Der Insasse reagierte nicht auf den Aufruf während der morgendlichen Öffnung der Zellen, und die ersten Hinweise deuten auf einen natürlichen Tod hin.
Eine Justizquelle teilte Expresso mit, dass es derzeit keine Anzeichen für einen gewaltsamen Tod oder Suizid gebe; die Leiche werde obduziert. Die Polícia Judiciária (PJ) hat Ermittlungen zu den Umständen des Todes eingeleitet; die Rettungsdienste (INEM) wurden unmittelbar nach der Entdeckung alarmiert.
Das Verschwinden und der Mord an Ricardo Claro
Ricardo Claro, 50, Personaldirektor und Partner des Luxusrestaurants Well im Touristikkomplex Vale do Lobo in Almancil, verschwand am 13. März 2026, nachdem er im Haus seiner Mutter in Faro zu Abend gegessen hatte. Seine Familie meldete ihn als vermisst, und die PJ leitete Ermittlungen ein.
Am 20. März gab die PJ die Festnahme eines 39-jährigen Mannes wegen des Verdachts auf Entführung und Raub bekannt. Laut Polizei deuteten starke Beweise darauf hin, dass Claros Verschwinden nicht freiwillig erfolgte und ein krimineller Plan ausgearbeitet worden war, um ihn seiner Freiheit zu berauben und alle Wertgegenstände zu stehlen, die er bei sich trug oder auf die er Zugriff hatte.
Die gesammelten Beweise ließen den Schluss zu, dass ein kriminelles Projekt skizziert wurde, das darin bestand, das Opfer seiner Freiheit zu berauben, mit dem Ziel, sich alle Wertgegenstände anzueignen, die es bei sich trug oder zu denen Zugang möglich war.
Der Verdächtige wurde vom Gericht von Faro in Untersuchungshaft genommen; ihm wurden schwere Entführung, schwerer Raub und schwerer Kartenmissbrauch vorgeworfen.
Entdeckung der Leiche
Am 2. April 2026 lokalisierte die PJ Ricardo Claros Leiche auf einem Brachland im Gebiet Esteval von Loulé.
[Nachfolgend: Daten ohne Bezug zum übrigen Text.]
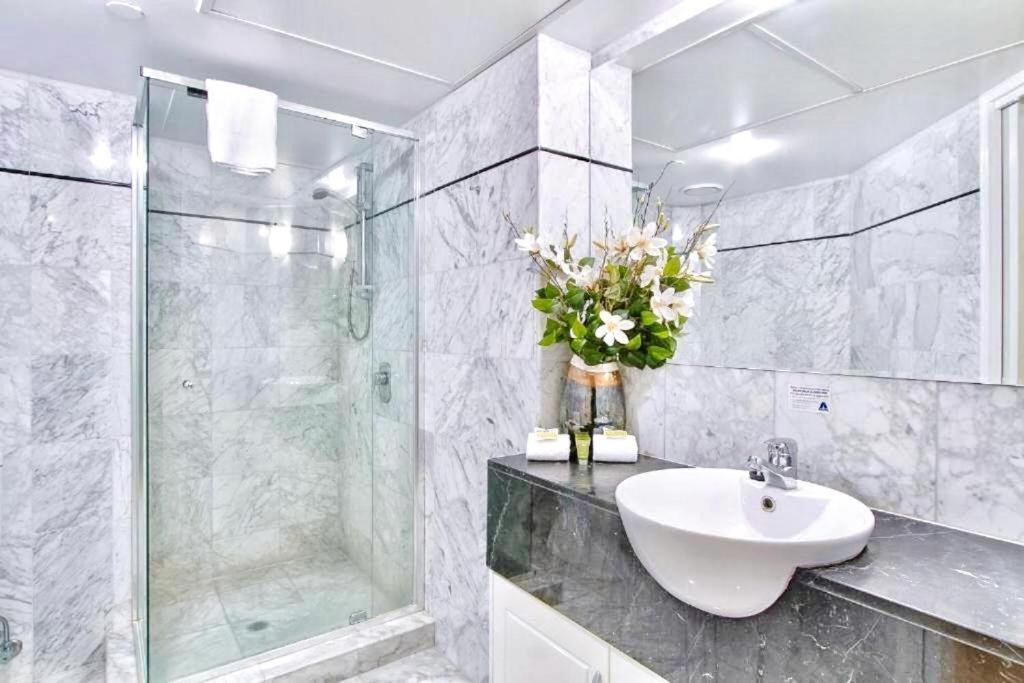 MacArthur Chambers - Resim 29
Das Opfer wurde mit Klebeband gefesselten Hand- und Fußgelenken aufgefunden; die PJ erklärte, es gebe starke Anzeichen für einen gewaltsamen Tod, der aller Wahrscheinlichkeit nach am Tag des Verschwindens eingetreten sei.
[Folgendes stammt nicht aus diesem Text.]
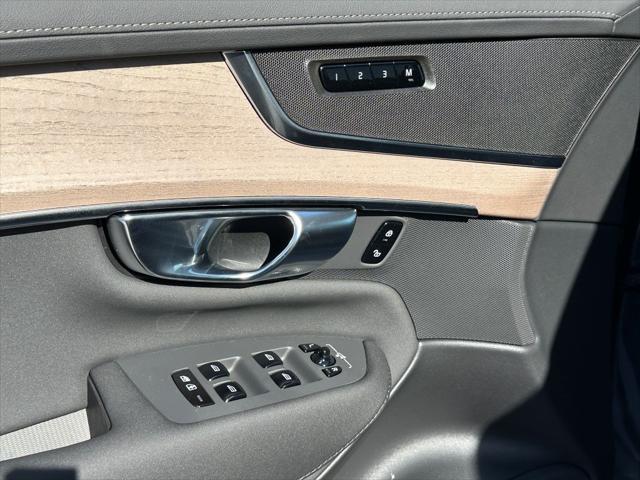 new 2025 Volvo XC90 car, priced at $64,895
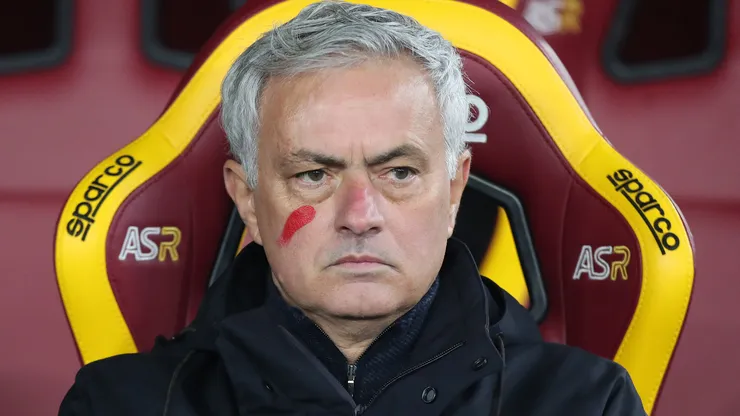 José Mourinho, cerca de regresar a la Premier League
Bei der Betrachtung des identifizierten Tatorts gibt es starke Anzeichen für einen gewaltsamen Tod, der, wie alles darauf hindeutet, am Tag des Verschwindens eingetreten ist.
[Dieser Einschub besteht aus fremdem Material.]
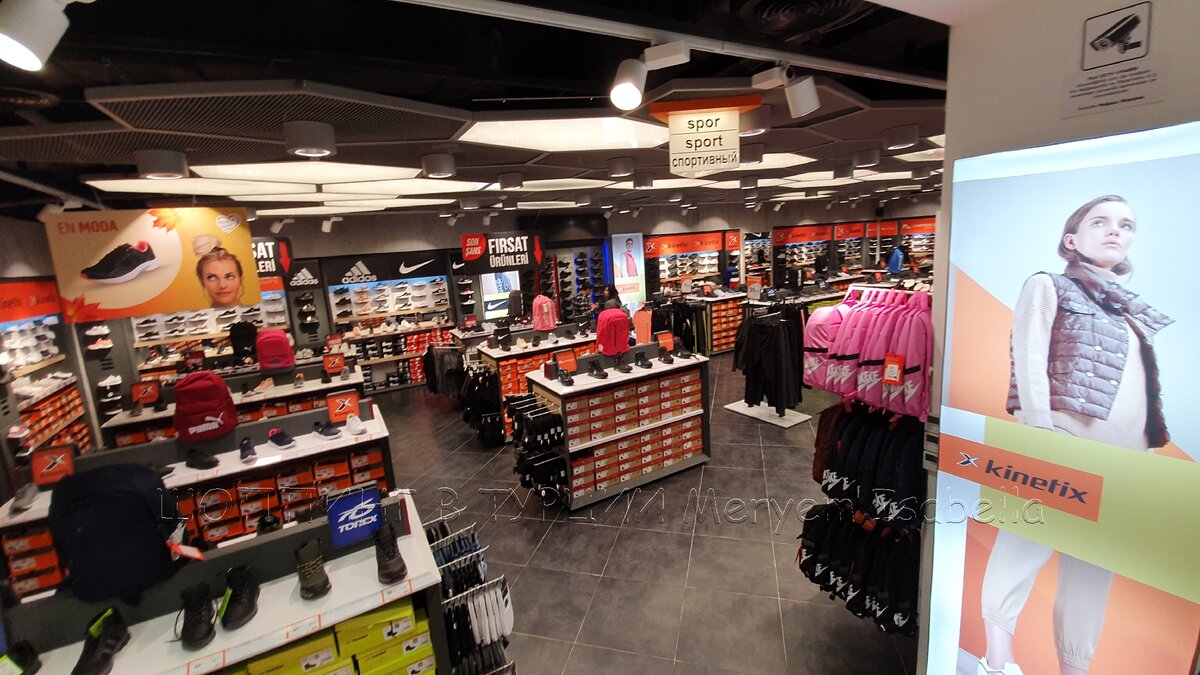 Мужской зал на -1 этаже. И ассортимент лучше и больше, чем в женском зале, статья уже есть про женскую обувь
Die Verdächtigen sollen Claro in einen Hinterhalt gelockt, ihn tödlich angegriffen, dann den Tresor des Restaurants geöffnet, sein Haus ausgeraubt und mehrere Banktransaktionen mit Geld des Opfers und des Betriebs durchgeführt haben.
Die anderen Verdächtigen und die brasilianische Verbindung
Die PJ identifizierte drei Verdächtige, alle brasilianische Staatsbürger. Der nun verstorbene 39-Jährige war der einzige, der in Untersuchungshaft saß. Die beiden anderen Verdächtigen sollen nach Brasilien geflohen sein, sodass die Ermittlungen zu Claros Mord ohne Hauptangeklagte bleiben.
Die DGRSP bestätigte, dass eine Autopsie zur Klärung der Todesursache durchgeführt wird, während interne Gefängnisverfahren und justizielle Kommunikation laufen.
- Ricardo Claro verschwindet nach dem Abendessen im Haus seiner Mutter in Faro.
- Die PJ verhaftet einen 39-jährigen Verdächtigen wegen Entführung und Raub.
- Claros Leiche wird in Loulé gefunden, mit Klebeband gefesselt; die PJ bestätigt gewaltsamen Tod.
- Verdächtiger tot in seiner Gefängniszelle in Faro aufgefunden; Autopsie angeordnet.